As a mini-lesson, I teach the students a new game. I ask the children to form a fishbowl in our community center and ask a volunteer to be my partner.
I give my partner and myself a Rounding Game Board and a set of directions. We read the directions aloud and paraphrase what we will be doing. Then, we follow the directions. While we play, I think aloud about my strategy for making my three digit numbers, based on the operation we are completing.
My partner and I also discuss how we use rounding to check for accuracy. It is here that I ask the fishbowl to discuss with a partner next to them if they think we should round to the nearest 10 or 100 and why?
I guide the conversation around the fact that both strategies would work, but that my partner and I will model each with the same problem.

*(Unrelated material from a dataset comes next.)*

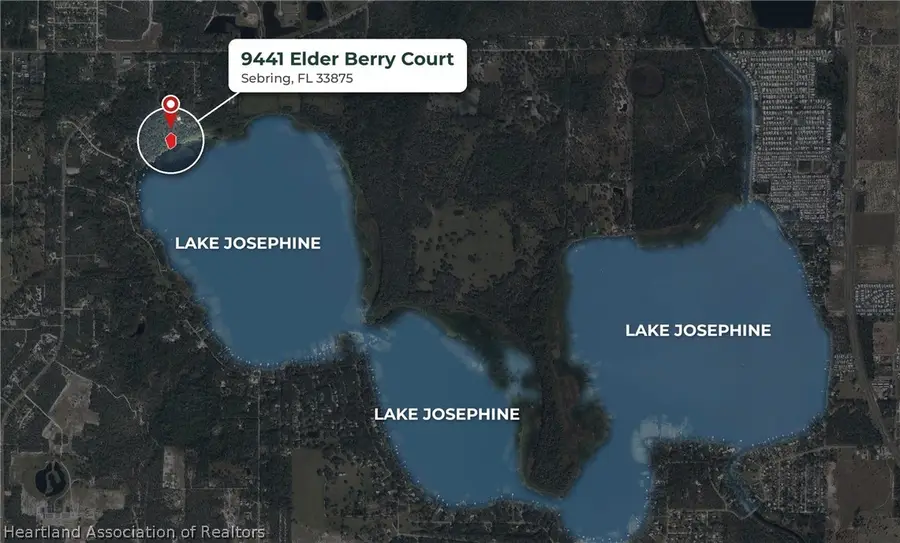 9441 Elder Berry Court, Sebring, FL 33875 - #3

Afterwards, the class should see that rounding to the nearest 10 gives us a more accurate estimate.
I quickly pair the students using our name sticks and send them off with the directions and game boards. As each group assembles their playing cards, I meet with a few students that I know are still struggling with why we round numbers the way we do. I will do a quick demonstration, again, on the number line about the distance between the decades and century landmarks for these students and then send them to their partners.
As the partnerships play, I join teams in order to watch for strategies in creating 3 digit numbers and in rounding for accuracy. I think it is also important to watch and listen to the strategy development for adding and subtracting the actual numbers.
In this clip, you will see that the student is able to explain her rounding method and use it to check her actual work. Prior to the filming, however, she was confused about how to round. I intervene using a number line partitioned into intervals of 10's, and ask her to "plot" numbers I call out. I then review when to round, based on distance from a landmark number.
To close the lesson, I placed a three digit subtraction problem on the board and ask a student to show me the estimate equation using their white boards. This acts as an exit ticket. When I tap them on the shoulder, they are made aware that their equation is correct and can go on to practice their multiplication/division flashcards.
If their equations are off, I form a small group and do another intervention of how to choose the landmark 10's or 100's, and then discuss the distance from each as a way of knowing which direction to round. I also give this group the rule: 4 and lower in the ones place, round down. 5 and higher in the ones place, round up.